Reproduce only the stretch of entries below that begins at the first line and ends at the line holding "Shimadzu FRC-10A Fraction Collector".

Caption-style text data:
- - - - - - -
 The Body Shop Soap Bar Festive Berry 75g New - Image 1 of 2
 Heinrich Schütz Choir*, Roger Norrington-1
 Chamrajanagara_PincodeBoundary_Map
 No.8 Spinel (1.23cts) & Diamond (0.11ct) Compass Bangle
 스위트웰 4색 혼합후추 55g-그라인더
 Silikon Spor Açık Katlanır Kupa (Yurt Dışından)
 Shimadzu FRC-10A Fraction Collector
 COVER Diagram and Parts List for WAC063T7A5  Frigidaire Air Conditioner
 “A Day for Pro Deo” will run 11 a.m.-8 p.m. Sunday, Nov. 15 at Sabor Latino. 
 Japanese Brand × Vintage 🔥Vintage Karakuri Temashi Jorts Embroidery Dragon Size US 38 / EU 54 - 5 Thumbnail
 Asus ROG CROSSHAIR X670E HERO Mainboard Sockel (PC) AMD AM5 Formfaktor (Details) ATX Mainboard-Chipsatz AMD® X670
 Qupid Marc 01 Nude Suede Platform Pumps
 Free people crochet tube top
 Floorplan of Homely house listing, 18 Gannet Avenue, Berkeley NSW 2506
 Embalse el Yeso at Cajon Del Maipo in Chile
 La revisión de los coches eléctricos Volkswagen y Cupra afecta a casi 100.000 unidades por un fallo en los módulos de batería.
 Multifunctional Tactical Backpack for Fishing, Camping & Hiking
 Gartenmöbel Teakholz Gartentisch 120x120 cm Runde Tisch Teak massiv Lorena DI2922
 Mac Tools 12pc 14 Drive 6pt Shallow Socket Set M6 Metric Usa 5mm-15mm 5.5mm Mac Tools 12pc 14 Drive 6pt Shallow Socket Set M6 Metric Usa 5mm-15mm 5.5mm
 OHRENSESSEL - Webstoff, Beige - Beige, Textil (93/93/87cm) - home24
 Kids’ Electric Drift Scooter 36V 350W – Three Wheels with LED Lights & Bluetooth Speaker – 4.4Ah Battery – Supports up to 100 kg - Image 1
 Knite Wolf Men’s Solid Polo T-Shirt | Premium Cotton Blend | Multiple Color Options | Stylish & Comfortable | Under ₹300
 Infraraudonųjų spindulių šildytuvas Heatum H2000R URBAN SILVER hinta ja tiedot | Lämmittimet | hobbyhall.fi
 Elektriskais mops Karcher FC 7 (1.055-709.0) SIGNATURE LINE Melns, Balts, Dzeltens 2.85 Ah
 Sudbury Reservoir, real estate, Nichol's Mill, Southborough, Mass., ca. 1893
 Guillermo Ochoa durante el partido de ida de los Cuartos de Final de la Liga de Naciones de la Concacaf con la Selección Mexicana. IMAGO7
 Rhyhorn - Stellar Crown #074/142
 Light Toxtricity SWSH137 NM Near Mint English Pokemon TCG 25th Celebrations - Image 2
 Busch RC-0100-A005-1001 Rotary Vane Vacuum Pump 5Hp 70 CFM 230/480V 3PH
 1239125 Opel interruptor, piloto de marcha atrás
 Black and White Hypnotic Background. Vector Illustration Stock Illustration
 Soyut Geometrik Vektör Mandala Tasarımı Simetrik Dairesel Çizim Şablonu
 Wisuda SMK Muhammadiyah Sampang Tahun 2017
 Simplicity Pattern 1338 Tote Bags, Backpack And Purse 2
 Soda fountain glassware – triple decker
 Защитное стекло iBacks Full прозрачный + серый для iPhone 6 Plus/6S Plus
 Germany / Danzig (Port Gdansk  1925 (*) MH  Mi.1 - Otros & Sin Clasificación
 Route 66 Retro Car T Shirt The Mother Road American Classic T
- - - - - - -
- **Result for this task**
 The Body Shop Soap Bar Festive Berry 75g New - Image 1 of 2
 Heinrich Schütz Choir*, Roger Norrington-1
 Chamrajanagara_PincodeBoundary_Map
 No.8 Spinel (1.23cts) & Diamond (0.11ct) Compass Bangle
 스위트웰 4색 혼합후추 55g-그라인더
 Silikon Spor Açık Katlanır Kupa (Yurt Dışından)
 Shimadzu FRC-10A Fraction Collector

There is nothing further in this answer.